Obviously I was not being asked to assist in the translation since that had been completed, but to assist in teaching what I would learn of His words in the Book of Mormon. He again tells me that is my work.


"Behold, this is your work, to keep my commandments, yea, with all your might, mind and strength."


This was the fourth time He told me to keep His commandments, but then He said, and this became my work:


"Seek not to declare my word, but first seek to obtain my word, and then shall your tongue be loosed, then if you desire, you shall have my spirit and my word, yea, the power of God unto the convincing of men."


But before


"But now hold your peace; study my word which hath gone forth among the children of men, and also study my word which shall come forth among the children of men, or that which is now translating, yea, until you have obtained all which I shall grant unto the children of men in this generation, and then shall all things be added thereto."

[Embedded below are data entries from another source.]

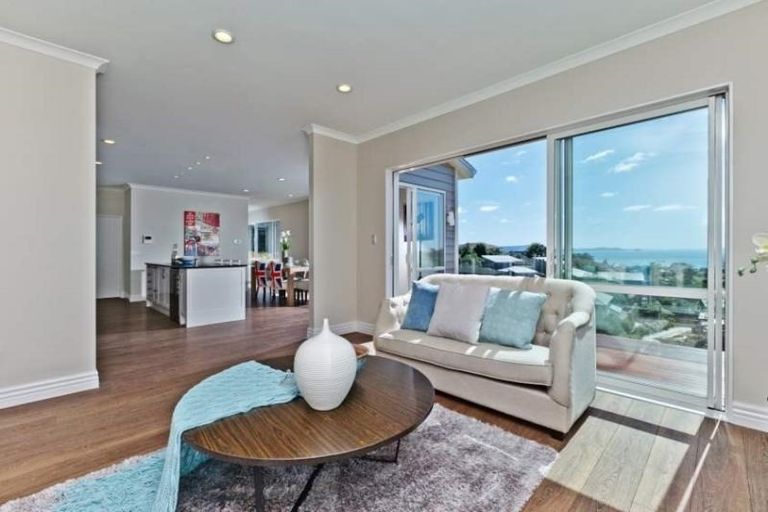 Photo of property in 188 Whangaparaoa Road, Red Beach, 0932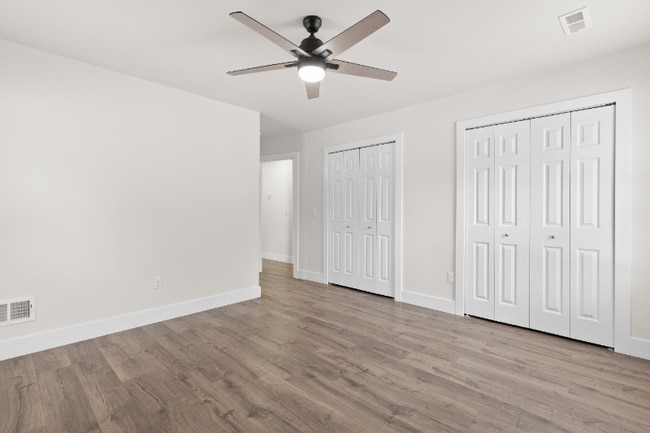 Building Photo - 818 Burr St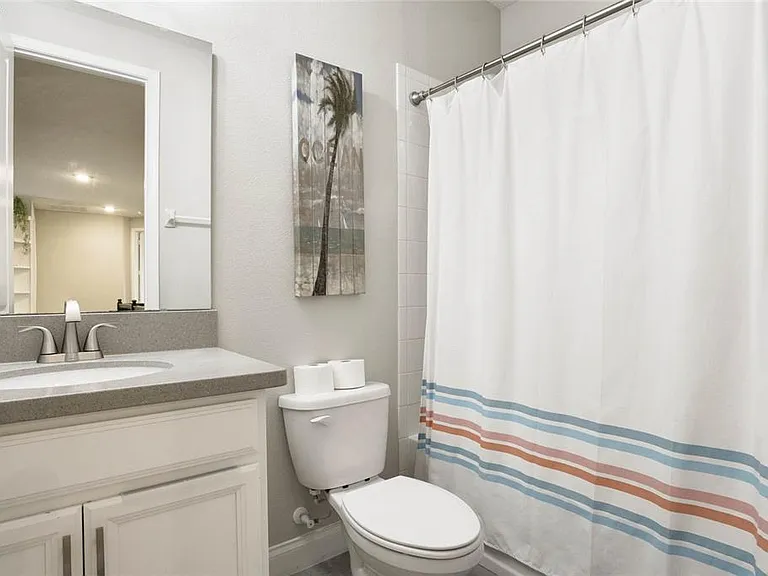 8414 Vivaro Isle Way — Photo 32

I did not comprehend all that He was telling me, but I knew that it would become a life long pursuit of His words to obtain "all" with the promise that more would be added. The next verse at first confused me.

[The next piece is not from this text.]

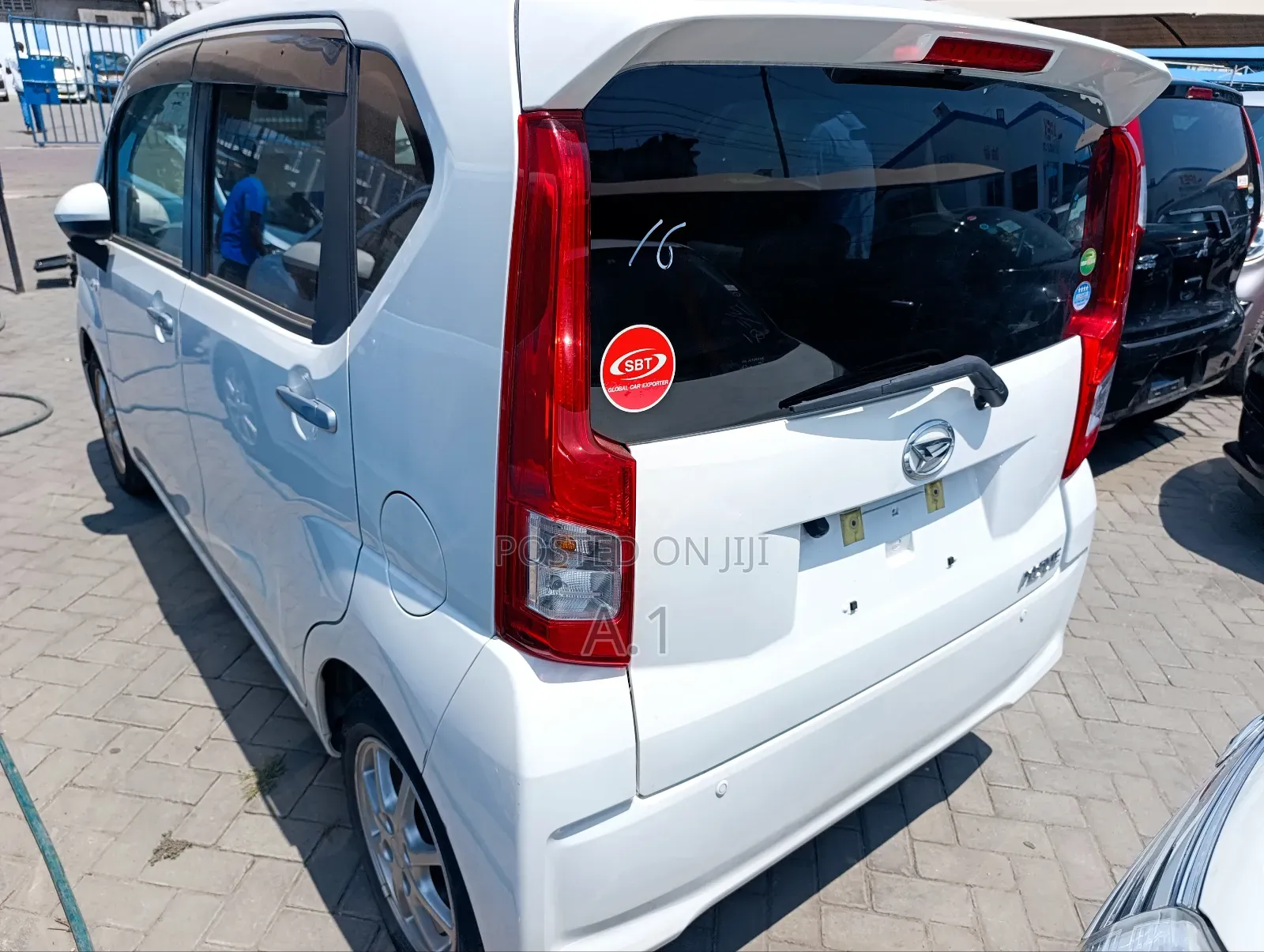 Daihatsu Move 2019 White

"Behold thou art Hyrum, my son; seek the kingdom of God, and all things shall be added according to that which is just."


If He was speaking to Hyrum why did I feel that he was speaking to me? Was I mistaken? Had I imposed what I wanted to hear? No, I had not.

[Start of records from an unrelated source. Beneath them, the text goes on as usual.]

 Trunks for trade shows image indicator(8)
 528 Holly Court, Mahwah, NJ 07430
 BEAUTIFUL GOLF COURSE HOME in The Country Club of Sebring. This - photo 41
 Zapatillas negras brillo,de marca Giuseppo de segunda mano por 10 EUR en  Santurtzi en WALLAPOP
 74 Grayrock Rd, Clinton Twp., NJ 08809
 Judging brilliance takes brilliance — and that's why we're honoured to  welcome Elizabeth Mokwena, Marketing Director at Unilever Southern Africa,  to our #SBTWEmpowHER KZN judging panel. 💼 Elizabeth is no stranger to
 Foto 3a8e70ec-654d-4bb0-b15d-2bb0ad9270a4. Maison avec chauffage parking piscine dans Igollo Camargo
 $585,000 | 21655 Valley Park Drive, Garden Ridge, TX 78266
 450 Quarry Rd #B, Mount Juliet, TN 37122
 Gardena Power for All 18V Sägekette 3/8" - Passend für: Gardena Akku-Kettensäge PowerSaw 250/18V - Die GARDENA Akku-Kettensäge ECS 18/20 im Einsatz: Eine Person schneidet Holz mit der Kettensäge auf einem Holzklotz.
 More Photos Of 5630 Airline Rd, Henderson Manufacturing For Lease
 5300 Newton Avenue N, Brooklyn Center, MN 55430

"Behold, I speak unto all who have good desires, and have thrust in their sickle to reap."


Even though there are three verses between these two, I was directed to this verse and heard and felt the power of His voice in His words speaking directly to me. I wanted it to be true. It felt like it was. But then to have it reinforced for me after thinking that it may only have been directed to Hyrum, was even more powerful, and I could not doubt!


He was, however, not finished.


"Build upon my rock, which is my gospel; Deny not the spirit of revelation, or the spirit of prophecy, for wo unto him that denieth these things; Therefore, treasure up in your heart until the time which in my wisdom that you shall go forth."


As I recount this experience, it is colored now by the fact that I have done and continue to do what He asked of me. I have spent the latter part of my life obtaining His word, teaching it and doing what I was called to do in this revelation to me, and He has blessed me with the spirit of revelation and the spirit of prophecy. As I write this and see all that I have learned, His last few words of this Section are a sweet testimony of the promises He kept.


"Behold I am Jesus Christ, the Son of God.  I am the life and the light of the world. I am the same who came unto mine own and mine own received me not; But verily, verily, I say unto you, that as many as receive me, to them will I give power to become the sons of God, even to them that believe in my name, Amen."


I want to say that as soon as I had this experience I went home and immediately began to more consciously seek to obtain His words, but I did not. In fact, it would be many years before I really caught the vision of what D&C 11 was all about to me personally. I have thought about this a lot since and can offer a few reasons, but I now know that certain experiences had to happen in my life before making the preparations complete. I needed to recognize this revelatory experience as my Road to Damascus experience and God's voice reminding me to "give heed to [His] word" and to experience my own lost and fallen state and my need to repent or to turn to Him. And I needed to quit searching for riches. Only then could I be prepared to teach others as I obtained His words. It was not sufficient to know of Adam and Eve's fall, or to know about the Atonement. Without experiencing my lost, fallen and sinful state, and my redemption through Him and His atonement, I would be as sounding brass and tinkling cymbals trying to say nothing but repentance to others without experiencing and receiving His gift of repentance.  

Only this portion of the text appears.